Retype, word for word, every line from the one holding "Presentation with blue" through the one holding "流水喷泉桌面摆件循环风水球轮鱼缸假山家居装饰礼品招财乔迁开业" in the entries below, both included, and only those lines.

━━━━━ STUDY MATERIAL

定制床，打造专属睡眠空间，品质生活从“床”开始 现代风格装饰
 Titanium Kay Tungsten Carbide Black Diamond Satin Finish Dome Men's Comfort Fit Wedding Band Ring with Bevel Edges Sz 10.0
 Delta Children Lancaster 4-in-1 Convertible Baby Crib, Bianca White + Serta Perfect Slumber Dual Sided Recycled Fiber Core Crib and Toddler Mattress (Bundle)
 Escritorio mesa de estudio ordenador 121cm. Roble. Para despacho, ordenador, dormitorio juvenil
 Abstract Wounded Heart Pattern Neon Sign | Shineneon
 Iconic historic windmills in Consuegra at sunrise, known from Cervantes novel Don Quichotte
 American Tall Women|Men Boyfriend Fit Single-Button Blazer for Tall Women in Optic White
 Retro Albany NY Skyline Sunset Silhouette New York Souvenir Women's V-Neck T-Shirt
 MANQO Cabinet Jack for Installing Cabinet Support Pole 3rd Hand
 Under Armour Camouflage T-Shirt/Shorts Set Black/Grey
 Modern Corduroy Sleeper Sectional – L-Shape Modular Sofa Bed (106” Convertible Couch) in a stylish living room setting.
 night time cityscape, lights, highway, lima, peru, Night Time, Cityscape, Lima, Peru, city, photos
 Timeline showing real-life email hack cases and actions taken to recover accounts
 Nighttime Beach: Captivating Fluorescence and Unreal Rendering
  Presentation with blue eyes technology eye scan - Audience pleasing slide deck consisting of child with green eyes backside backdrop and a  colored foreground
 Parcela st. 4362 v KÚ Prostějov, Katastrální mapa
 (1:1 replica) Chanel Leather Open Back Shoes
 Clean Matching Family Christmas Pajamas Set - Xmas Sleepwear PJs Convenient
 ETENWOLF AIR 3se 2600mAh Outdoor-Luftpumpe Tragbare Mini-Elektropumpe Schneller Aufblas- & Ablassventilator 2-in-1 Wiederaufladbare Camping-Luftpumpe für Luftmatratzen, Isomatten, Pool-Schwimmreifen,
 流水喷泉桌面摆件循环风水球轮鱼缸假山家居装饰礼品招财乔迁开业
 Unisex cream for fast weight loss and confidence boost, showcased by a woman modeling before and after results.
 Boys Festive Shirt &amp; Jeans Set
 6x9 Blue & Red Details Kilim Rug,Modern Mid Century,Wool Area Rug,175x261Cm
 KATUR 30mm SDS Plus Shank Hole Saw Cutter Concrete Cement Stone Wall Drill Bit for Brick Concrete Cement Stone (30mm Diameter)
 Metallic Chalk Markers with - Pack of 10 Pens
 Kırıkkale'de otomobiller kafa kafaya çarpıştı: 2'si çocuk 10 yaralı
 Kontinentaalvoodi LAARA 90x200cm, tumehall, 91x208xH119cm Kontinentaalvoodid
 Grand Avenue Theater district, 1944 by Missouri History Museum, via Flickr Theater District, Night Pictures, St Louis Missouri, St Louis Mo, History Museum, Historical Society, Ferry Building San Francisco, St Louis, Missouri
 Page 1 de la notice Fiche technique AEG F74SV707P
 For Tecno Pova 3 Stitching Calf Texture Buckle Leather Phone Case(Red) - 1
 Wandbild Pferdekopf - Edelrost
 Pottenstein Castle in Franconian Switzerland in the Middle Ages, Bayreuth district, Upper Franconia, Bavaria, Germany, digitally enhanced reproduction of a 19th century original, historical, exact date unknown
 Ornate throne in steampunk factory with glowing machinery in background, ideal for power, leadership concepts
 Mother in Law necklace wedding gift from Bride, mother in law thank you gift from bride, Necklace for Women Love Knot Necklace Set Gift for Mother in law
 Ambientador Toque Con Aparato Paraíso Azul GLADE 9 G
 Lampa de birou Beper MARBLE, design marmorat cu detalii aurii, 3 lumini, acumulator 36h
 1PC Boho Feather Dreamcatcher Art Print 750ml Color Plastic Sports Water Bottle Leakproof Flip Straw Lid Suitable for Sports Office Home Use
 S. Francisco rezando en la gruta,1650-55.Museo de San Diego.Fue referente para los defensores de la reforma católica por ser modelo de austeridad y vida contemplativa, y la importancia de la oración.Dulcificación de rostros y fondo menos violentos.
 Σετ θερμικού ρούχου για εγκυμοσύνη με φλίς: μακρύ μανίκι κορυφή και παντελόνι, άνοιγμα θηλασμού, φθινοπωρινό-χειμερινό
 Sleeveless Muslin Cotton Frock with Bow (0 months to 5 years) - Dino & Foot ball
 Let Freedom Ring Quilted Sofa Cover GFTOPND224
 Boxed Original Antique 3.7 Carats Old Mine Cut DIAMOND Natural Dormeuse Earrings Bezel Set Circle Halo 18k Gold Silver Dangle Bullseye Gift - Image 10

━━━━━━━━━━

# ANSWER TO THE PROBLEM
  Presentation with blue eyes technology eye scan - Audience pleasing slide deck consisting of child with green eyes backside backdrop and a  colored foreground
 Parcela st. 4362 v KÚ Prostějov, Katastrální mapa
 (1:1 replica) Chanel Leather Open Back Shoes
 Clean Matching Family Christmas Pajamas Set - Xmas Sleepwear PJs Convenient
 ETENWOLF AIR 3se 2600mAh Outdoor-Luftpumpe Tragbare Mini-Elektropumpe Schneller Aufblas- & Ablassventilator 2-in-1 Wiederaufladbare Camping-Luftpumpe für Luftmatratzen, Isomatten, Pool-Schwimmreifen,
 流水喷泉桌面摆件循环风水球轮鱼缸假山家居装饰礼品招财乔迁开业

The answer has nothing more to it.